During the colonial period, since the 18th century, and after their political independence from the Western imperialists, the modern Muslim societies and their economies have been integrated into the global capitalist system. In the capitalist economic system, profit, interest, rent and wages are the prices and rewards which accrue to distinct social classes of entrepreneurs, money capitalists, landlords and labourers in the capitalist production process. In the modern pluralistic democratic societies, in the context of modern political and legal frameworks, the owners of productive resources are legally entitled to these rewards or recompenses.

The, capitalist concepts and theories about modernisation and economic development were implemented in Pakistan in the 1950s and 1960s in the form of development plans in order to transform the traditional rural and semi-feudal sectors of Pakistani society and economy into a modern industrial capitalism which required a modern social and economic infrastructure and capital formation. According to this capitalist model of development, modern elites of entrepreneurs, industrialists, money-capitalists, businessmen, capitalist-farmers, bureaucrats, professionals and technocrats were created to spearhead this process of development.

This process of modernisation and industrialisation under Ayub Khan (1958-1969) required a corresponding ideological change. So a modernistic reinterpretation of Islam and its historical/medieval concepts of riba, zakat, etc. became a necessity. In this transition from feudalism to industrial capitalism it was thought that an enterprising class of industrialists, financiers and bankers was needed to facilitate a rapid change of the traditional rural and semi-feudal sector to a modem industrial-urban structure.
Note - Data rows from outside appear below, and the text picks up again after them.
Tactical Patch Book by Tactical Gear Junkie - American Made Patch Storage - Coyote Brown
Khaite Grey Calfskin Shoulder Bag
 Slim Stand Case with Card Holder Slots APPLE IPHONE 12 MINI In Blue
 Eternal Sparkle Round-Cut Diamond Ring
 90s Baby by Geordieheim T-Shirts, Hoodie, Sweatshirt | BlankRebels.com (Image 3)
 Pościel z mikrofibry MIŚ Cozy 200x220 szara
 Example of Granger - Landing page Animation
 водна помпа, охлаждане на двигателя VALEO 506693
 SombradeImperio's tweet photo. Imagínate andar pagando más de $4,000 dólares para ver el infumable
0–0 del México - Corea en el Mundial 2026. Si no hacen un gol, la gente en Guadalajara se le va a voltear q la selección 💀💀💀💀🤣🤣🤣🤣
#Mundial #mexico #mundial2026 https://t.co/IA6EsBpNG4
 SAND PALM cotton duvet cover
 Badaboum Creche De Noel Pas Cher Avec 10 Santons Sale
5. LIBERAL-MODERNIST INTERPRETATION OF RIBA: FREE-ENTERPRISE CAPITALIST MODEL

During the early 1960s when the process of economic development was initiated according to the Western capitalist model, Islamic modernism began asserting itself in Pakistan. Islamic modernism was based on the assumption that religious reforms were necessary to accelerate the processes of economic development, urbanisation and modernisation. For this purpose Islam had to be interpreted as a principle of modernisation based on the western capitalist ideas and practices.

The late Dr Fazlur Rahman (d. 1988) who was the Director of the Islamic Research Institute (Karachi), under these changed circumstances, offered a modernistic interpretation of riba. (12) This was actually an official statement of the Institute written by Dr Rahman in response to a query made by the state-controlled Islamic Advisory Council to the Institute in 1963. In this official statement, Dr Rahman, in reality was responding to the interpretation of riba as bank-interest and usury by the orthodox Ulama (religious scholars). (13)

This was Dr Rahman's modernistic interpretation of riba since it was a challenge to the traditionalist interpretation of the 'Ulama'. He defined riba as "an exorbitant increment whereby the capital sum is doubled several-fold, against a fixed extension of the term of payment of the debt". (14) He based this conclusion on the Quranic verse (3:130): "O ye who believe, devour not usury, doubled and multiplied (adafan mudaaftan): but fear Allah that ye may really prosper". For Dr Rahman, therefore, the Quranic term riba essentially means an exorbitant interest-rate of the nature of illegal usury which, he thinks, must be reformed by religion and prohibited by means of law, and that the present bank-interest does not fall in the category of riba. Therefore he suggested gradual legislation against "grave social inequities, and abolition of feudalism and the practice of hoarding before eliminating bank-interest".

Concluding his article, he stated that in the transitional phase when a capitalist economy was being built in place of a semi-feudal society, "abolition of interest in the present state of our economic development would be a cardinal error". (15) In his article he strongly supported Ayub Khan's policies of modernisation, industrialisation and rapid economic growth and capital formation. He boldly put forward his viewpoint that in a modern economy the interest rate is a price as any other price. (16) These conclusions of Dr Rahman are the locus classicus of liberal-modernistic interpretation of riba in Pakistan.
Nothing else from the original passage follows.